Entries supplied: Begin
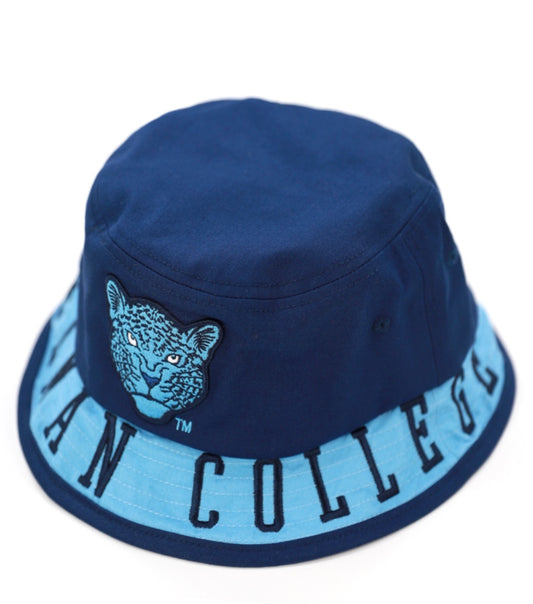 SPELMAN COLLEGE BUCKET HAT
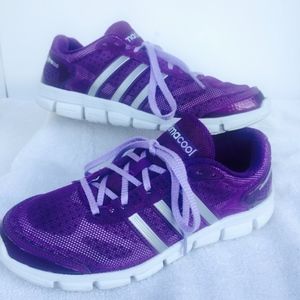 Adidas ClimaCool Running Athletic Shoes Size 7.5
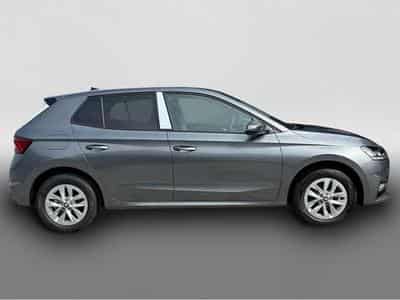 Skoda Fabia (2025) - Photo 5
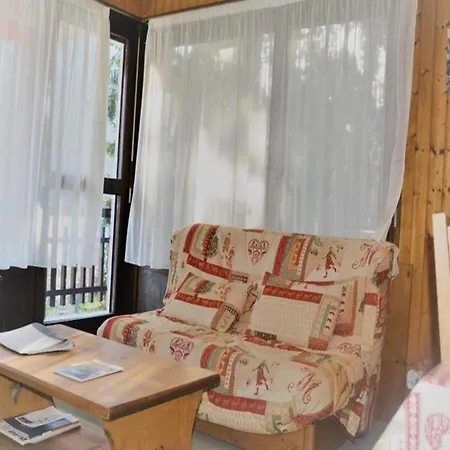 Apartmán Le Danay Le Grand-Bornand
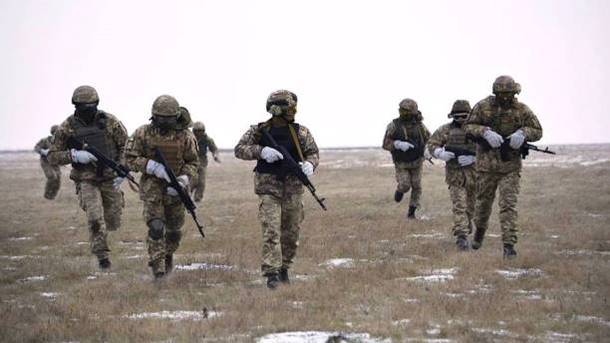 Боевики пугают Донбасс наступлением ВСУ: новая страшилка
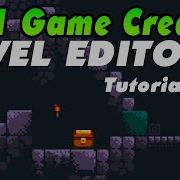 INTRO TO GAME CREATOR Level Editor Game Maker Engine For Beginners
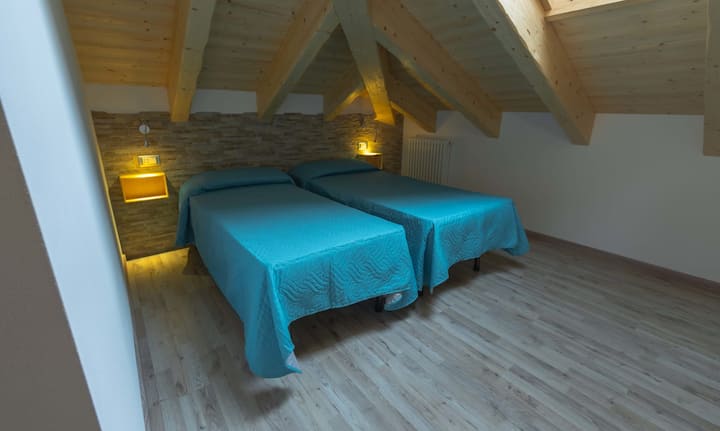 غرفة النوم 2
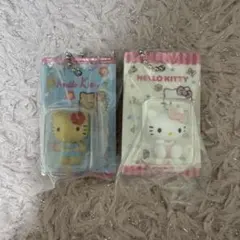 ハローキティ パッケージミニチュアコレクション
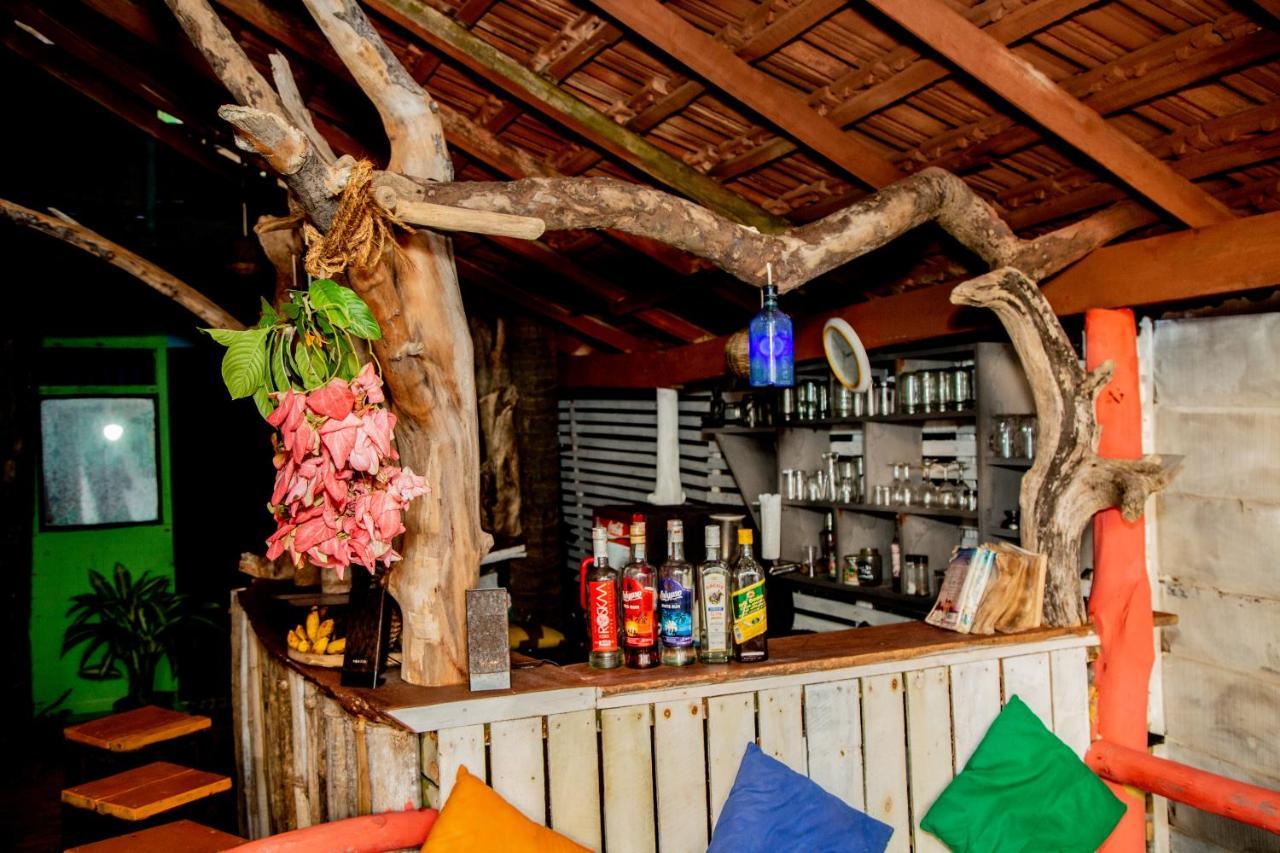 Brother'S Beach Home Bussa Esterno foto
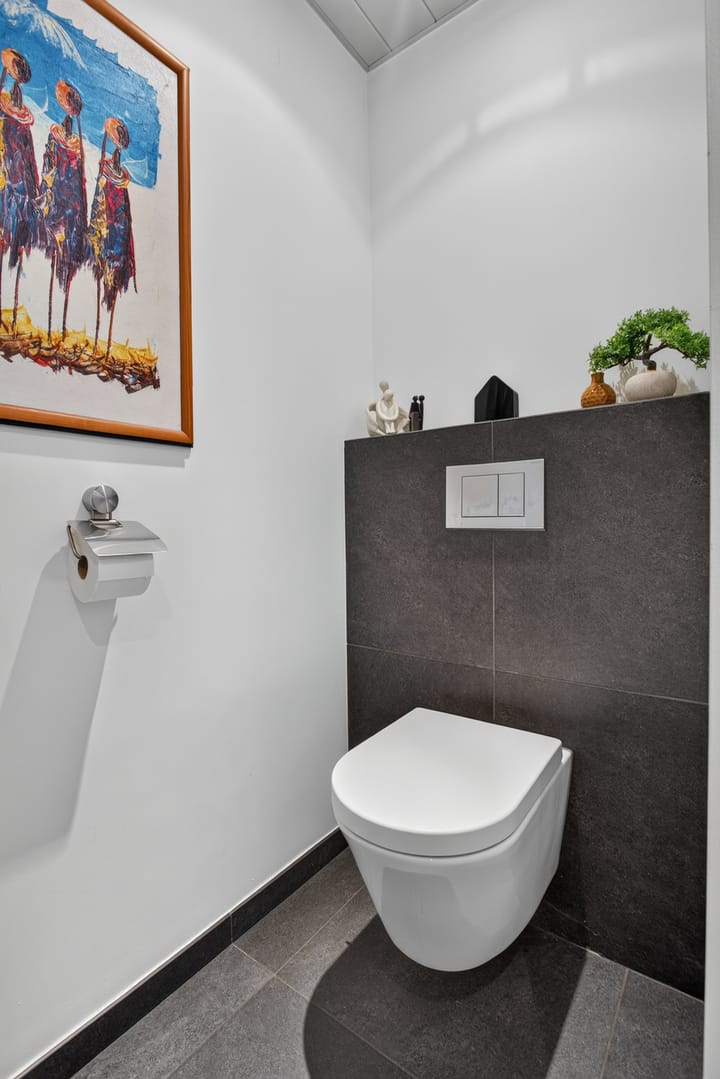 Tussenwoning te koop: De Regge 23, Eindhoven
Entries supplied: End
Entries supplied: Begin
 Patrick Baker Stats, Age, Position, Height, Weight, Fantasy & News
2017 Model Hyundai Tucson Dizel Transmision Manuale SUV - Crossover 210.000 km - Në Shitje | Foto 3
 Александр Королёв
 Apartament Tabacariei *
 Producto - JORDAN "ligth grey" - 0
Entries supplied: End
Entries supplied: Begin
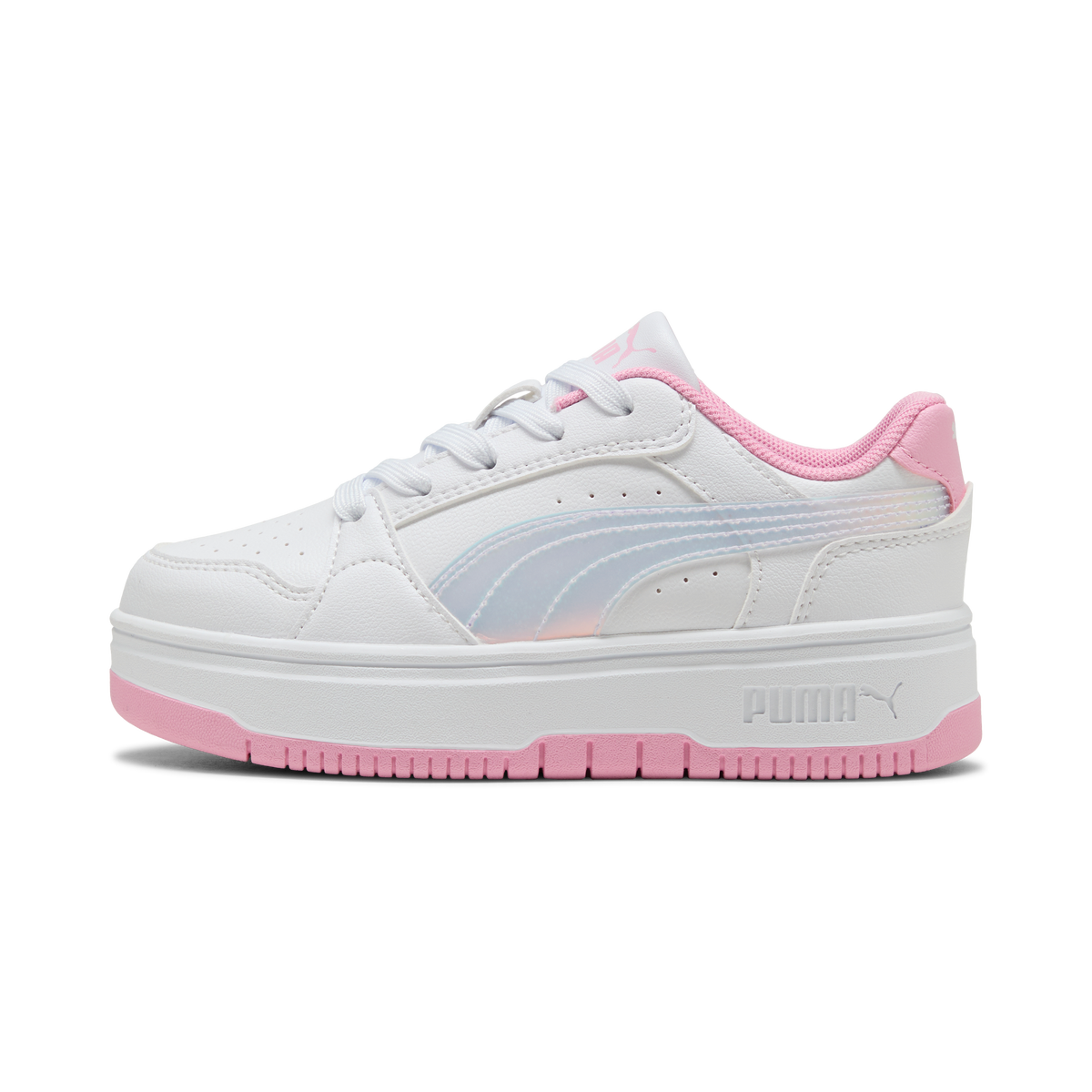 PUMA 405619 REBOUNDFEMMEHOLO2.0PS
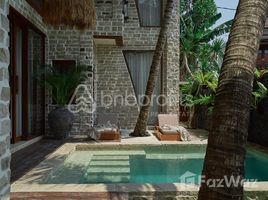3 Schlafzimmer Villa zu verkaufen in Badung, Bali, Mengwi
Entries supplied: End
■ **Work order**
Among the entries above, find the line with "ハローキティ パッケージミニチュアコレクション" and repeat exactly from there through the line with "Tussenwoning te koop: De Regge 23, Eindhoven", leaving out the pictures.

■ **Task response**
 ハローキティ パッケージミニチュアコレクション
 Brother'S Beach Home Bussa Esterno foto
 Tussenwoning te koop: De Regge 23, Eindhoven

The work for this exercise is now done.